(Beginning of Data excerpts)

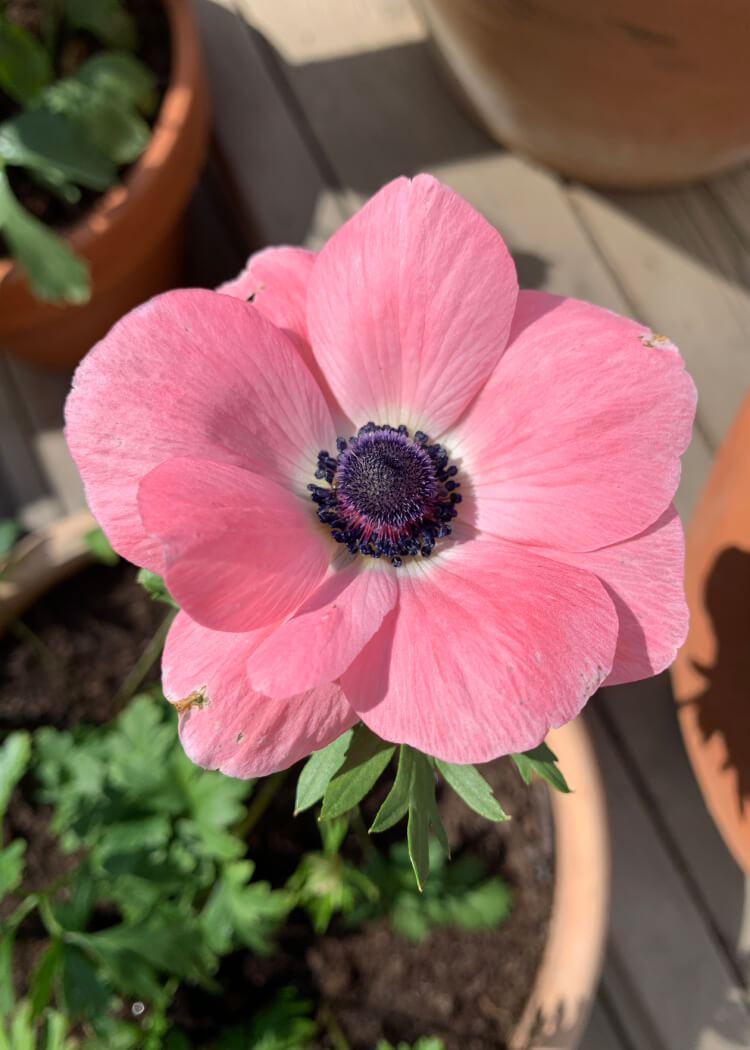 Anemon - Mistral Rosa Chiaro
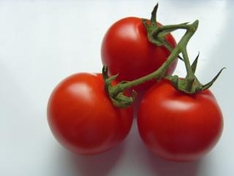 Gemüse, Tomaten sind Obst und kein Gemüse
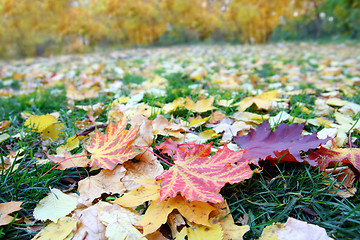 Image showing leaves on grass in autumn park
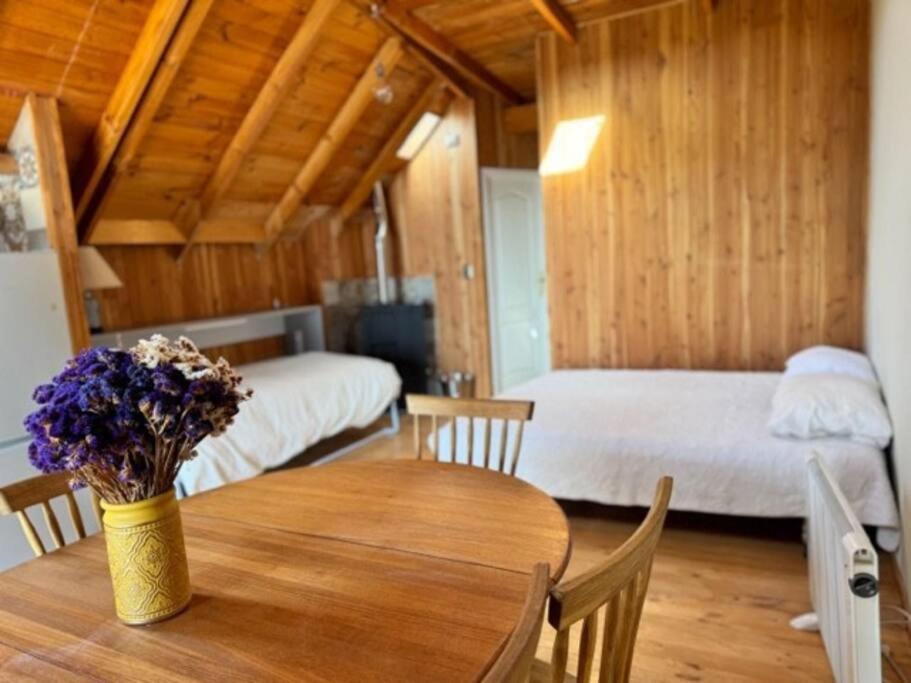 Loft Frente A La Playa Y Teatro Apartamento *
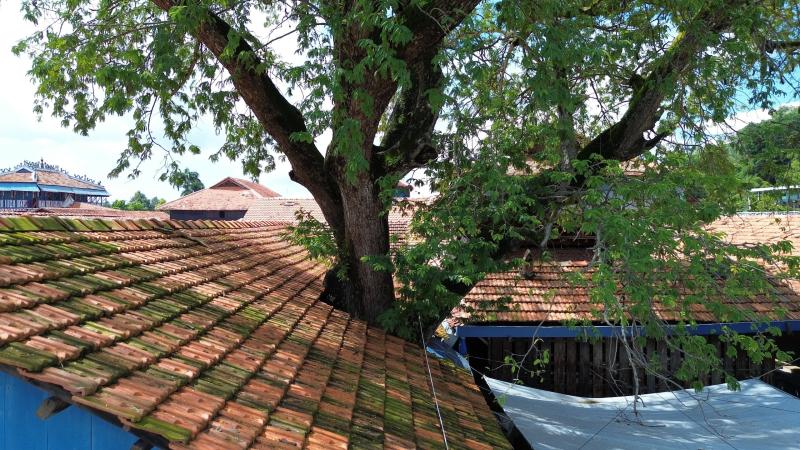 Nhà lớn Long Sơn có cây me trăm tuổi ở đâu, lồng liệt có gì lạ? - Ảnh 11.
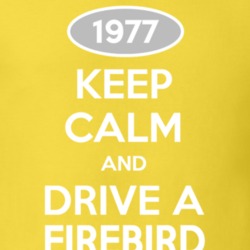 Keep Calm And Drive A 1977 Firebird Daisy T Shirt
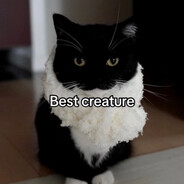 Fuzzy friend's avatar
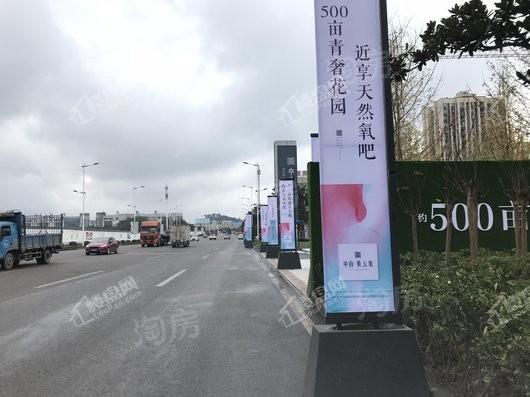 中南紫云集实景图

(End of Data excerpts)

Problem requirements =>
When you repeat the material, keep every word exact and drop the pictures.

Reply =>
 Anemon - Mistral Rosa Chiaro
 Gemüse, Tomaten sind Obst und kein Gemüse
 Image showing leaves on grass in autumn park
 Loft Frente A La Playa Y Teatro Apartamento *
 Nhà lớn Long Sơn có cây me trăm tuổi ở đâu, lồng liệt có gì lạ? - Ảnh 11.
 Keep Calm And Drive A 1977 Firebird Daisy T Shirt
 Fuzzy friend's avatar
 中南紫云集实景图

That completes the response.